Wednesday, October 14, 2015

The other day a young woman who has decided to live the life of a Catholic and follow the teaching of the Church was accosted by her family who are very anti-Catholic. They have her a list of questions from a standard “Quick Reference Guide” which you can see on this page. She asked for help in responding.

 My good friend Gary Michuta ( and an apologist par excellence took the time to answer the questions in a brief and pithy manner.

 GARY STARTS: Here are a few quick  responses to the “Quick Reference Guide” in your pictures. Some are stock objections while others are so weak (and wrong) that I’m surprised to find it in print.
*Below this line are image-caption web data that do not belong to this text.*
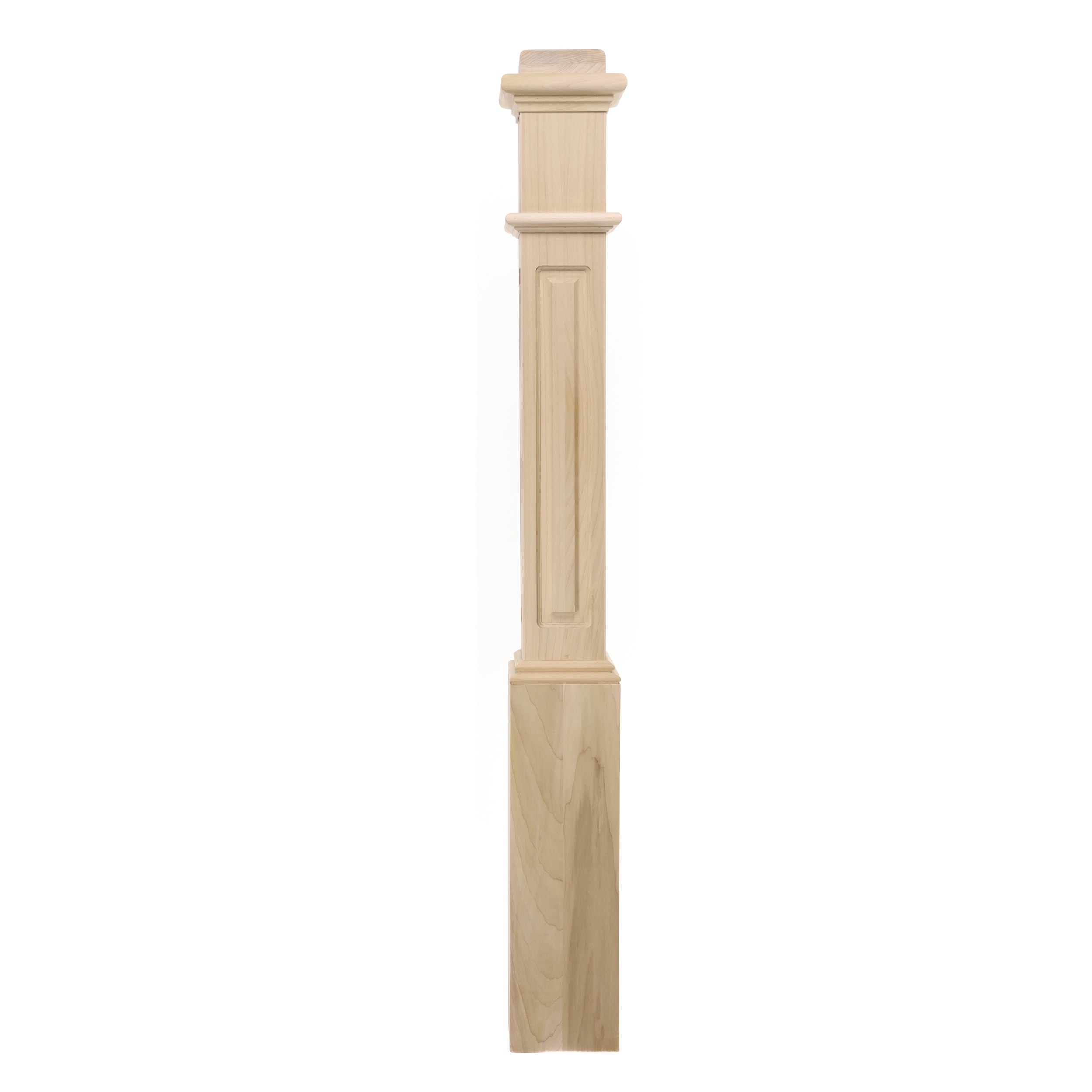RELIABILT WG991RSPPOP 6.25-in x 56-in Unfinished Poplar Universal Stair Newel Post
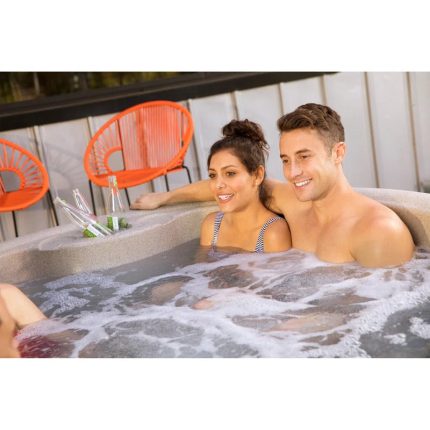 LS200 110 Volt 4-Person 13-Jet Oval Plug and Play Hot Tub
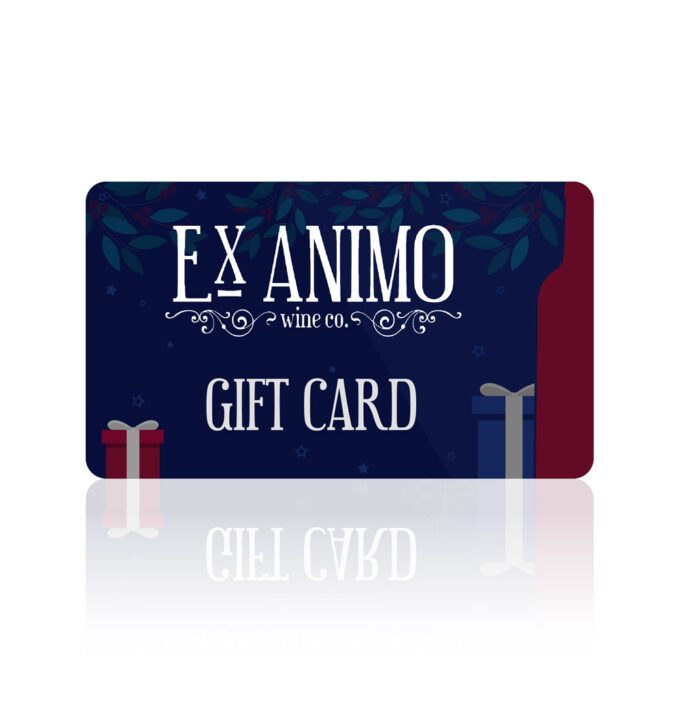 Ex Animo digital gift voucher online gift card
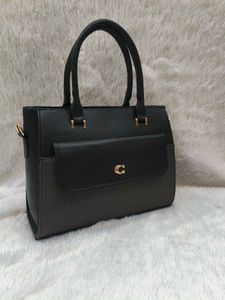 Chic Black Handbag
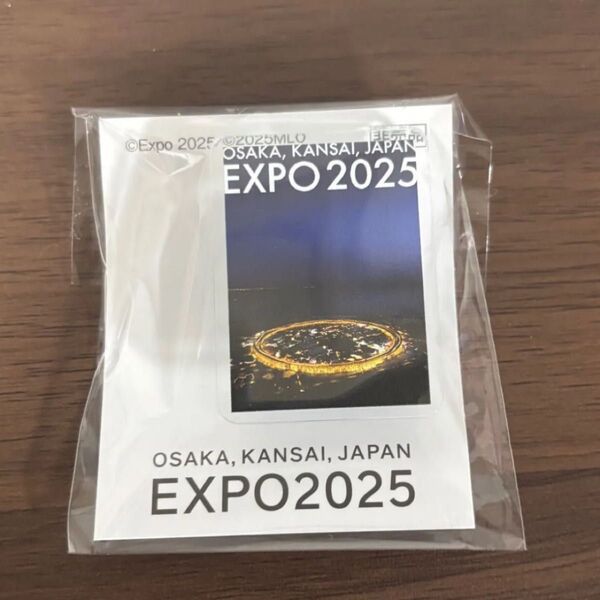 非売品 5月限定デザイン 大阪万博 関西万博 ピンバッジ ピンズ ミャクミャク EXPO2025 大屋根リング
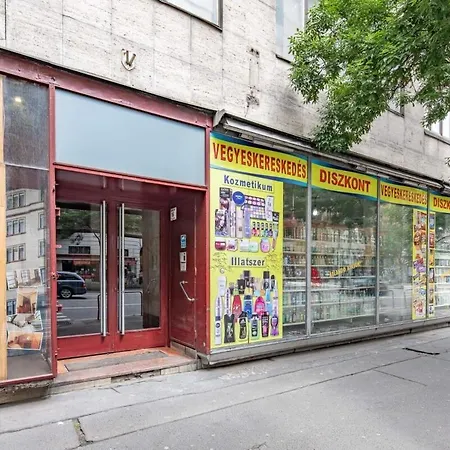 Super Central - New - Comfy Studio Budapest Exterior photo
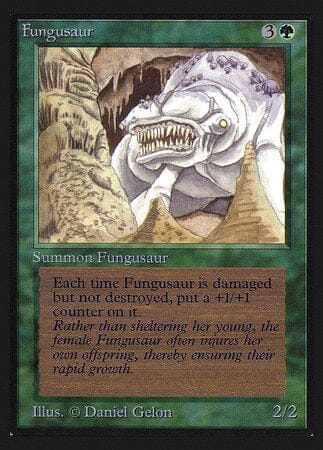 Fungusaur (IE) [Intl. Collectors’ Edition] MTG Single Magic: The Gathering  | Multizone: Comics And Games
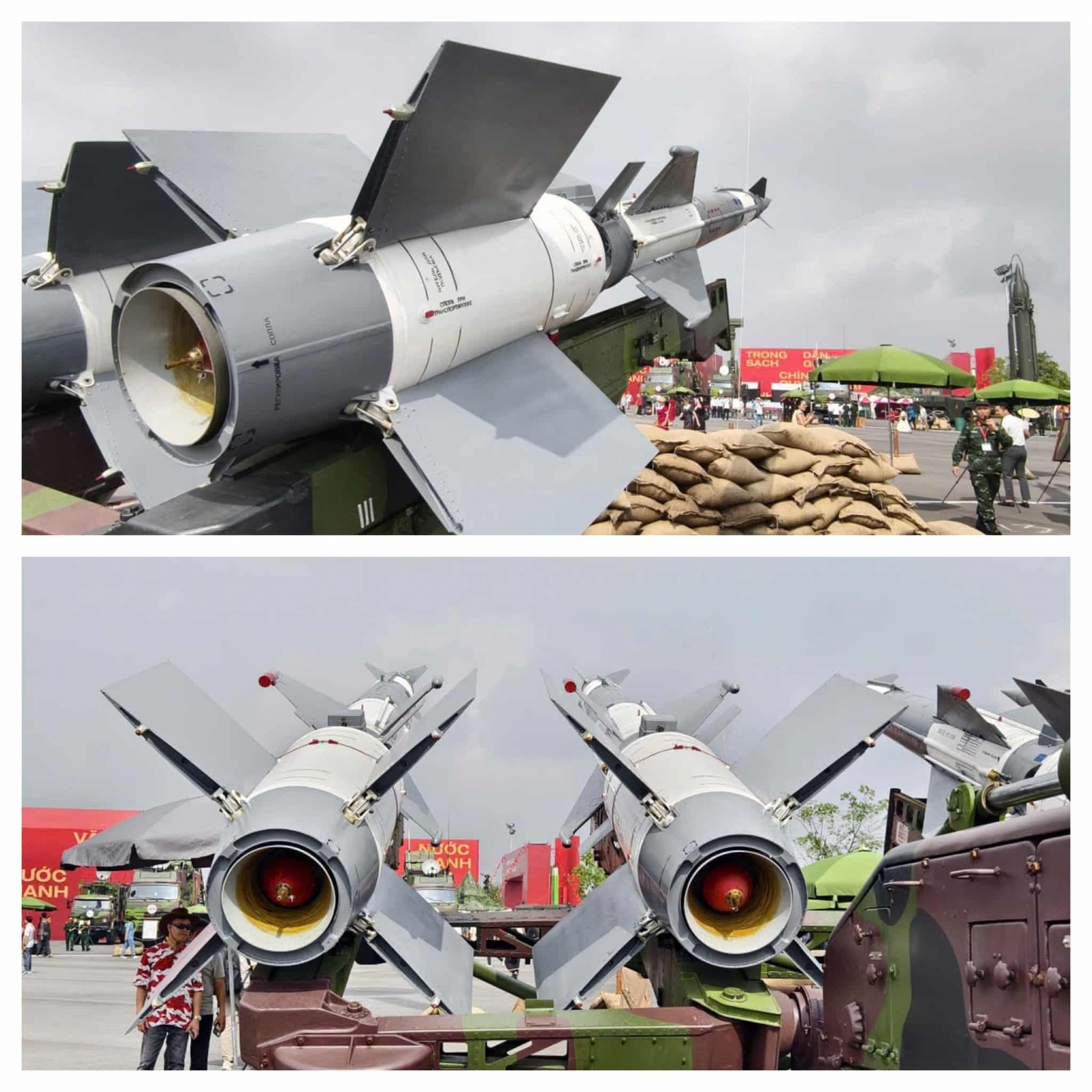 Bệ phóng tên lửa được cải tiến, nghiên cứu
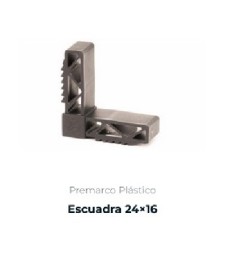 Escuadra Premarco 24x16 mm | Herrajes HE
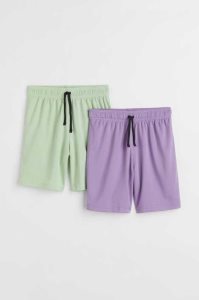 H&M 2-pack Sportbekleidung Kinder Türkis | SAB-743520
 “1. Catholic Claim: The Pope is the visible head of the Church

 Bible truth: Jesus is the only head of the church, and all Christians are members of his spiritual body (Eph. 1:22-23; Colossians 1:18-24).”

RESPONSE: Before I begin, the author’s claim of the “Bible truth” really means “What truth HE BELIEVES the Bible teaches.” I’m sure that many of his “Bible truths” contradict, not only what Catholics see as “Bible truth” but also self-identified “Bible Christians.”
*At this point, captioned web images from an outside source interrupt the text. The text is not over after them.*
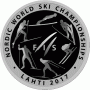 Монета БЕЛАРУСЬ 2017.01.19 | 10 рублей Чемпионат мира по лыжным видам спорта 2017 года. Лахти| Ag | Монета БЕЛАРУСЬ 2017.01.19 | 10 рублей Чемпионат мира по лыжным видам спорта 2017 года. Лахти| Ag |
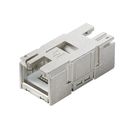 RJ45 connector, IP67 with housing, Connection 1: RJ45, Connection 2: RJ45 Weidmuller
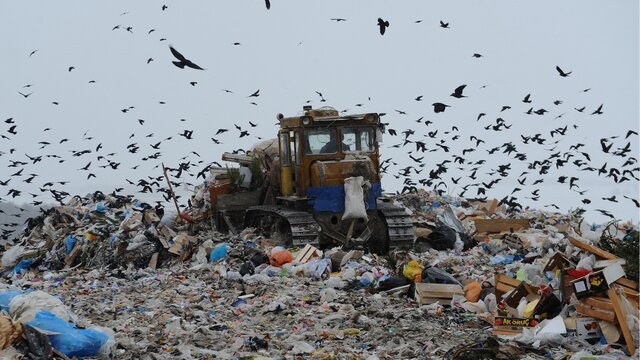 В Кара-Балте планируют построить новый мусорный полигон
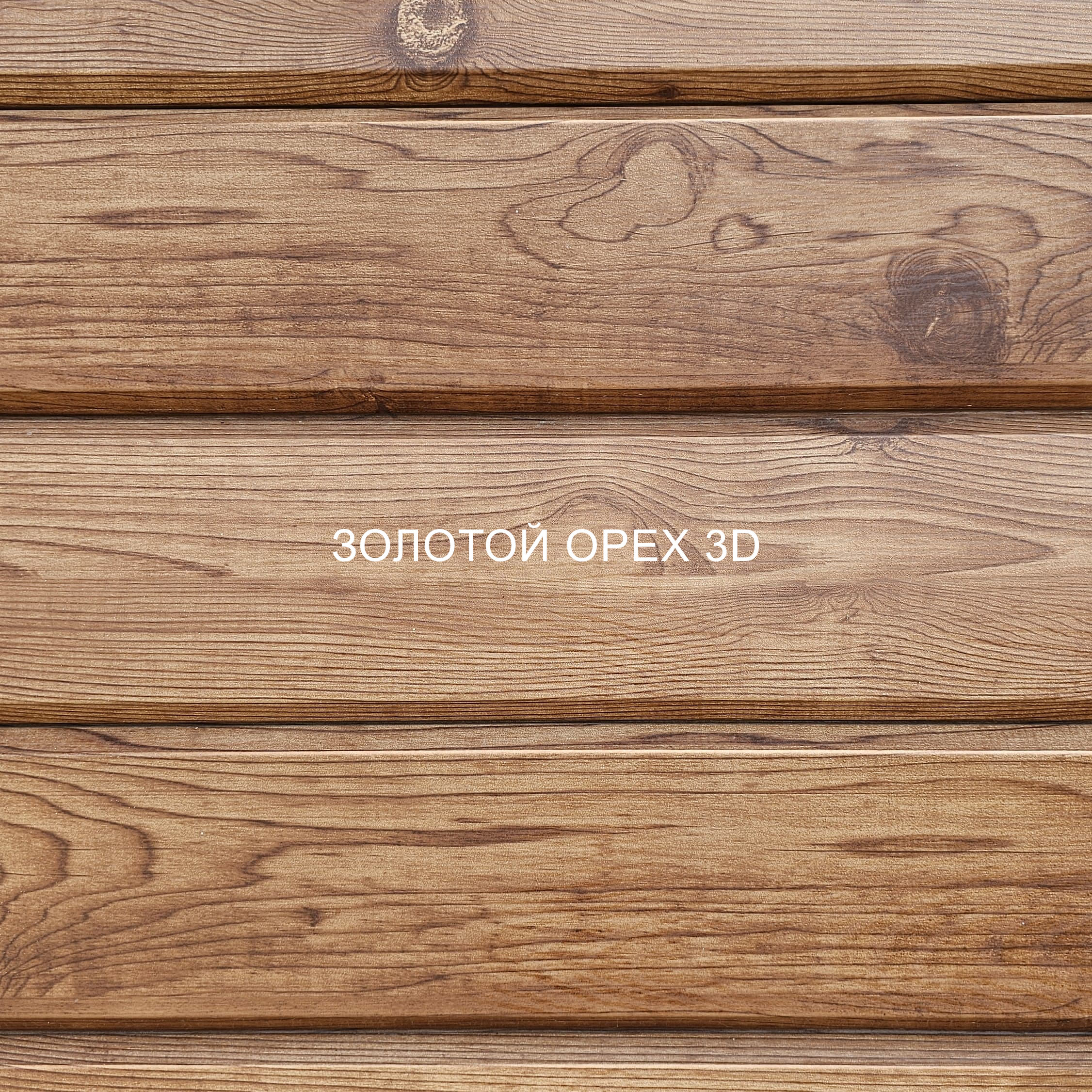 Золотой орех 3D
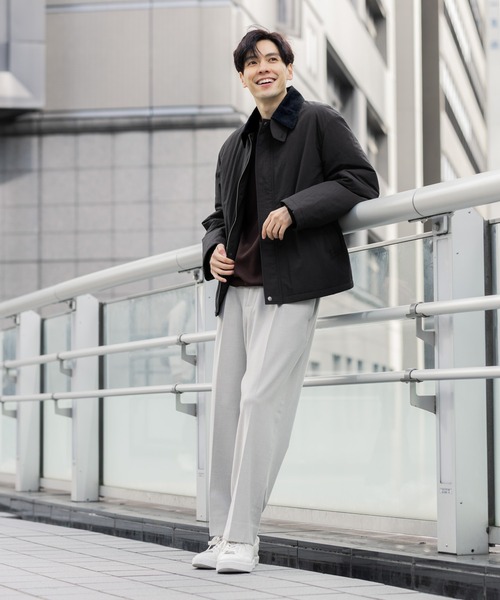 GLOBAL WORK(グローバルワーク)の「アーバンクリーンワイド+WARM/577351(その他パンツ・メンズ・チャコールグレー/ブラック/アイボリー/ブラウン・X-LARGE/LARGE/MEDIUM/SMALL)」の13枚目の写真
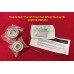 Front Hub Wheel Bearing Kit  Triumph Saloon Mk2 & Stag .    GHK1016  BWK253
Of course, Christ is the head of the Church. No problem there. It’s equally biblical that Christ appointed Peter to have a primacy among His Apostles making him the “visible” head of His Church (Matthew 16:18-19, Luke 22:28-32, John 21:15-17).
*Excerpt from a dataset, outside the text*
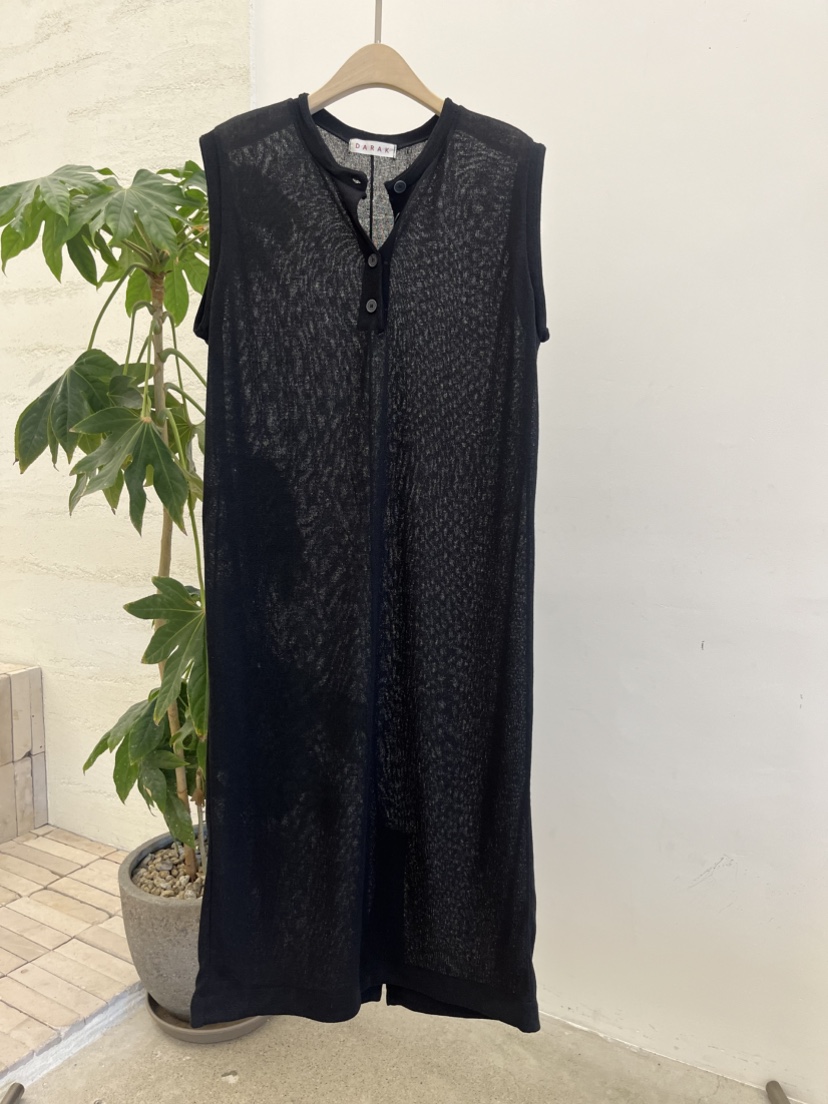 DARAK韓國直郵女士新品26春夏休閑熱賣職業時尚26夏季連衣裙DARAK連衣裙圖色2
It’s also interesting that he speaks of Christ’s Church, not as a “body” (which is visible and structured) but a “spiritual body,” which Scripture NEVER calls the Church. The only place I found in Scripture that speaks of a “spiritual body” is 1 Cor. 15:44, where Paul is talking about our resurrected or glorified bodies. So his “Bible truth” is incorrect. Christ’s Church is a body, not a “spiritual” body – that’s unbiblical.

He must say this, however, because if Christ’s Church is a body then it must be visible, identifiable, and have a set structure and if that is true Christ’s Church can only be the Catholic Church. To avoid this uncomfortable conclusion, Protestants turn Christ’s body into a spirit, an invisible collection of like-minded people or the elect.